Bazı oryantalistler Ehl-i Suffe’nin bir tür “İslam ruhbanlığı”nı ima ettiğini öne sürer. Ehli Suffe’ye baktığımız zaman, bu ilim ve irfan zümresi toplumdan farklı kategorik bir sınıf değildir. Burada toplananların işi gücü sadece dua etmek veya manevi hayatı derinleştirmek olan insanlar değil, daha çok toplumun sahipsiz, kimsesiz, biraz da aciz, korunmaya muhtaç insanlarıdır. Peygamber Efendimiz onları kanatları altında toplamış, korumuştur, kendi nezaretinde ciddi bir eğitimden geçmişlerdir. Elbette infak, yardımlaşma ve dayanışma önemli bir ibadettir, ama “veren elin alan elden daha hayırlı olduğu” da bir gerçektir. Arzu edilen, insanın cihat veya ticaret sırasında veya gündelik hayatında, o manevi zenginliği kendi içinde taşımasıdır. İnsan bir yanda dünya hayatı ve işiyle meşgulken, kalbi de Allah ile beraber olmalıdır; İslam’da arzu edilen de budur. Sufiler bunu veciz bir biçimde formüle etmişlerdir: Halk arasında Hak’la beraber… İnsanın dünyayla olan ilişkisi, gemi-deniz ilişkisi gibidir; gemi su almadığı müddetçe rahatça su üzerinde yüzebilir. İnsan servet sahibi olabilir; fakat kalbinde o mala, zenginliğe, makama karşı bir muhabbet oluşursa bu geminin su almasına benzer ki, o gemi batar.

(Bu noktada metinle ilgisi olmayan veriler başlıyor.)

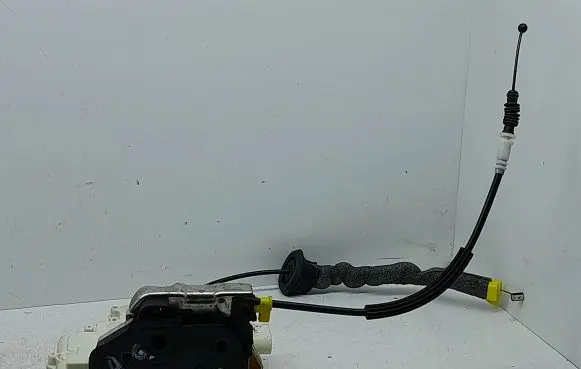 Audi A6 S6 C7 4G Rear door lock 4G0839016A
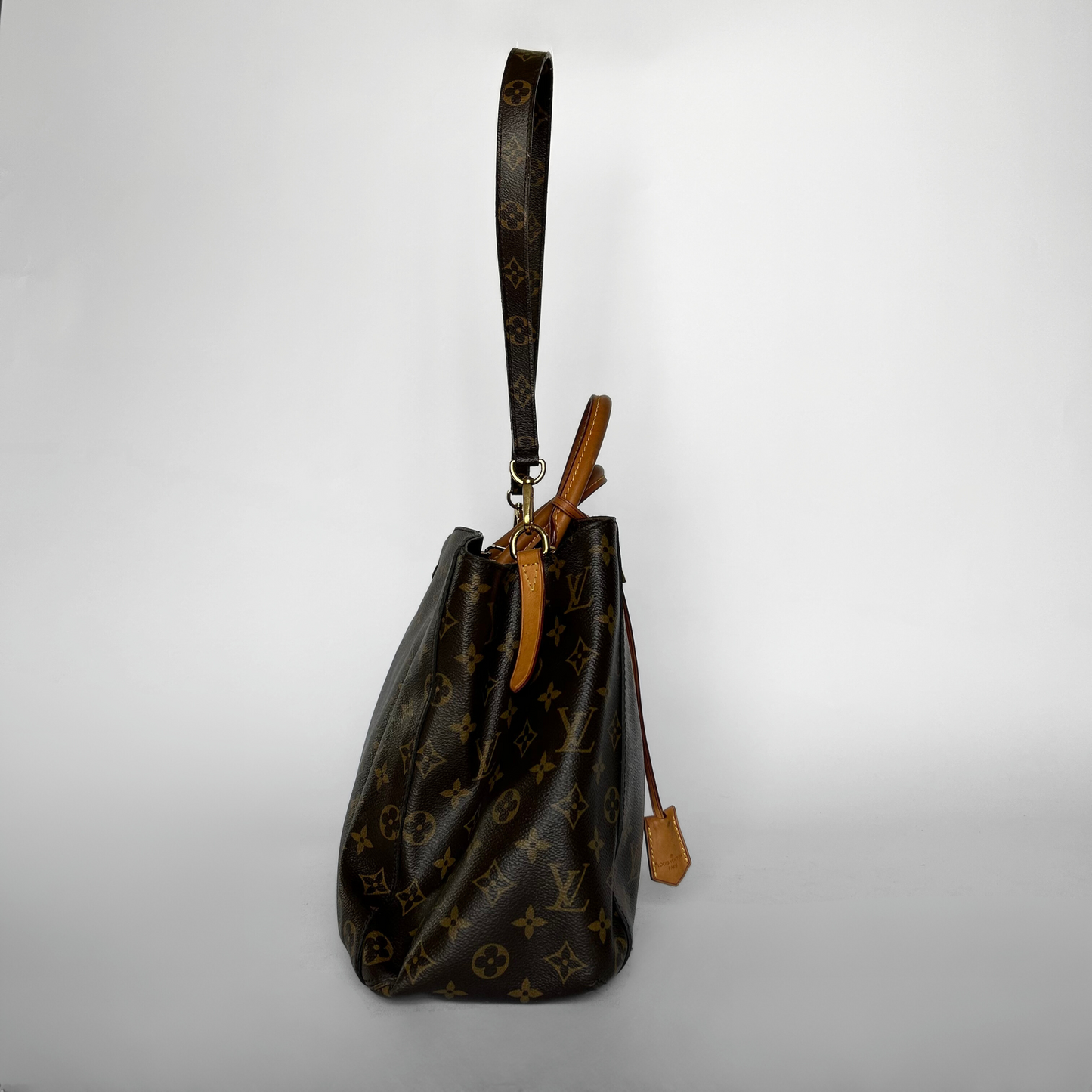 Louis Vuitton Louis Vuitton Montaigne GM Monogram Canvas - Handbags - Etoile Luxury Vintage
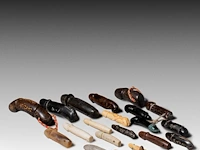 A large collection of thai palad khik phallic amulets, h 9,5 cm (tallest) - afbeelding 2 van  4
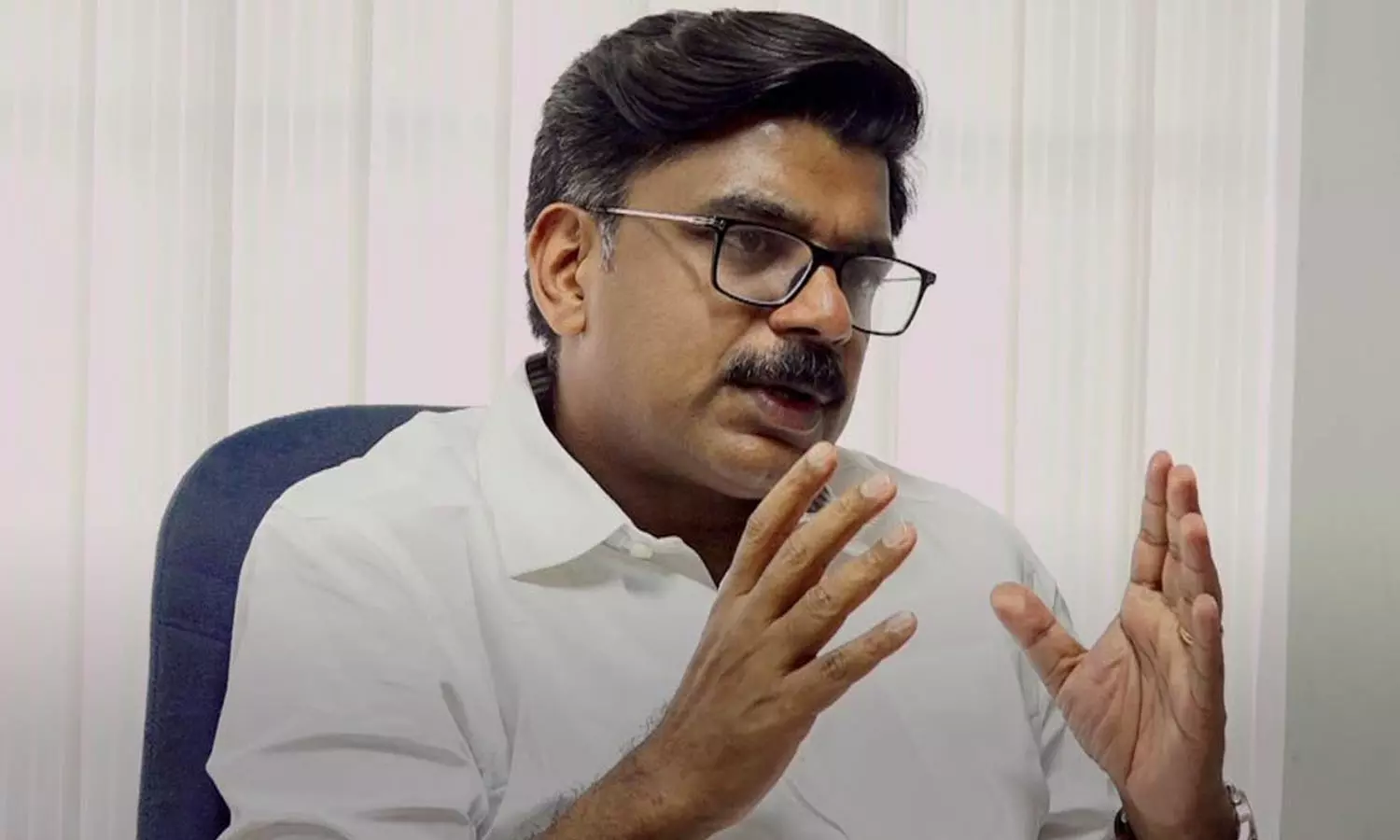 ജെയ്ക്ക് ബാലകുമാർ വീണയുടെ മെന്റർ; തെളിവുകൾ രാവിലെ 11ന് പുറത്തുവിടുമെന്ന് മാത്യു കുഴൽനാടൻ ജെയ്ക്ക് ബാലകുമാർ വീണയുടെ മെന്റർ; തെളിവുകൾ രാവിലെ 11ന് പുറത്തുവിടുമെന്ന് മാത്യു കുഴൽനാടൻ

Tasavvufun meşru nüvesi, züht ve takvadır ki, bugün hepimizin buna ihtiyacı olduğu açıktır. Züht ve takvayı Peygamber Efendimizin hayatında, sünnetinde ve siyretinde açık bir biçimde müşahede ediyoruz. Ashabın hayatında ve ilk Müslüman nesillerde uzun bir süre devam etti.
Emeviler iktidara gelince, Bizans sarayı örnek alınmaya başlamıştır. Muaviye, Şam valisi iken, kendisine Bizans’ın eski Şam valisi Servilyanus’u danışmak olarak istihdam etmişti. Servilyanus Muaviye’ye Bizans’ın bütün erkânını, oturma biçimlerini, geleneklerini, örflerini ve aynı zamanda da dünyaya muhabbetini de öğretti. Dünya hayatının abartılı bir şekilde İslam dünyasına girmesi, Bizans’ın etkisindeki o dönemde başlamıştır. Emevi döneminde çok haksızlıklar yapılmıştır; şaşaalı ve debdebeli düğünler, zenginlik, makam, mevki öne çıkmış, Beytü’l-malın parası çarçur edilmiştir. Ömer bin Abdulaziz ve birkaç idareci hariç tutulacak olursa Emevilerle birlikte valiler kendilerini artık halktan biri olarak görmüyordu. Yöneticiler ve ailelerin avantajlarını kullanan çevreler, halktan ayrılmış, büyük malikânelerde oturmaya başlamışlardır.
Hz. Peygamber Efendimizin sade hayatından, züht ve takvasından insanlar kopmaya başlayıp bu artık neredeyse iktidar ve imtiyazlı çevrelerin temel tutumu haline gelince, tabiin ve etbai tabiinden önemli insanlar “Biz, ya bu gidişe ve yoldan çıkmış yöneticilere karşı mücadele edeceğiz ki, mücadele etmek demek silahlı mücadeleye başvurmak demektir, bu ise ümmet içerisinde fitne ve fesada sebep olur, birliğimizi bozar ya da Peygamber Efendimizin züht ve takvasına döneceğiz” dediler.
Tasavvufun tarihimizdeki ilk nüvesi olan zühd ve takva bu sosyal ve maddi şartlarda ortaya çıktı, zamanla tefekkür temelinde sistematik bir disiplin haline geldi.